Triodos Bank (TRIO) H2 2025 earnings summary
Event summary combining transcript, slides, and related documents.
H2 2025 earnings summary
12 Mar, 2026Executive summary
Reported a net loss of €25 million for 2025, mainly due to a €59.7/€60 million provision for German fiber optic market exposure and additional strategic provisions, while core banking activities remained resilient with stable net interest margin and strong deposit growth.
Achieved €1.1 billion in new business lending and €736–€763 million in new residential mortgages, with the mortgage portfolio reaching €5.6 billion and customer deposits rising to €15.1 billion, mainly from personal banking customers.
Strategic actions included winding down German operations by 2027, simplifying Spanish operations, discontinuing two investment funds, and launching the Fit for Impact transformation program to modernize operations, enhance efficiency, and support digitalization and AI adoption.
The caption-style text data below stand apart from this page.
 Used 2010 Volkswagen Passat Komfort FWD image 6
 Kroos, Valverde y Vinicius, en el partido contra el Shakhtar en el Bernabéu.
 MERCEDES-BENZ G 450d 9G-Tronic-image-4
Listed depository receipts on Euronext Amsterdam, improving tradability and investor access, with an 82.4% acceptance rate for the DR settlement offer, reducing litigation risk.
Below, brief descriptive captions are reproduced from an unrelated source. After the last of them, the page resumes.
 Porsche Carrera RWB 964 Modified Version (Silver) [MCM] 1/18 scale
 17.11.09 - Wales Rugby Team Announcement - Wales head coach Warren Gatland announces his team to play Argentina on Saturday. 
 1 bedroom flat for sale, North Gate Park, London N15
Met 2030 emissions target in 2025, achieving a 42% reduction in greenhouse gas emissions compared to 2020.
Financial highlights
Net result was €-25 million (2024: €-3 million), impacted by provisions for German fiber optic loans and DR settlements.
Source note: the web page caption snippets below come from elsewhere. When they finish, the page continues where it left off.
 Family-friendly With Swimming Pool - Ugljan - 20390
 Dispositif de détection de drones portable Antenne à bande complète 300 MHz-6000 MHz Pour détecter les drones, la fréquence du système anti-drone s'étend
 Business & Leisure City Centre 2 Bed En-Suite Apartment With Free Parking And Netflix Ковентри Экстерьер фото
Net interest margin remained stable at 1.92% (down from 2.10% in 2024); net interest income declined 5% to €331.1 million; net fee and commission income also fell 5% to €109.4 million.
Return on equity was -2% (2024: -0.2%) and cost-income ratio was 85% (2024: 97%), both affected by provisions; operating expenses decreased to €374.2 million.
CET1 ratio improved to 17.4% (2024: 16.4%), above internal and regulatory targets.
Customer deposits increased by €597 million (4.1%) to €15.1 billion, with strong growth in the Netherlands.
Outlook and guidance
Targeting 3%-5% annual loan book growth, with income growth expected mainly from net interest income in 2026.
Fit for Impact program aims for €25–€30 million annual cost reduction by 2028, targeting a 70%-75% cost-income ratio, 5%-7% ROE midterm, and a net reduction of 250–270 FTEs.
No final dividend proposed for 2025; interim dividend of €0.60 per DR paid; dividend policy targets 50% payout of net profits over the cycle.
Expecting lower legal expenses and operating costs in 2026; wind-down of German business to be completed by end of 2027.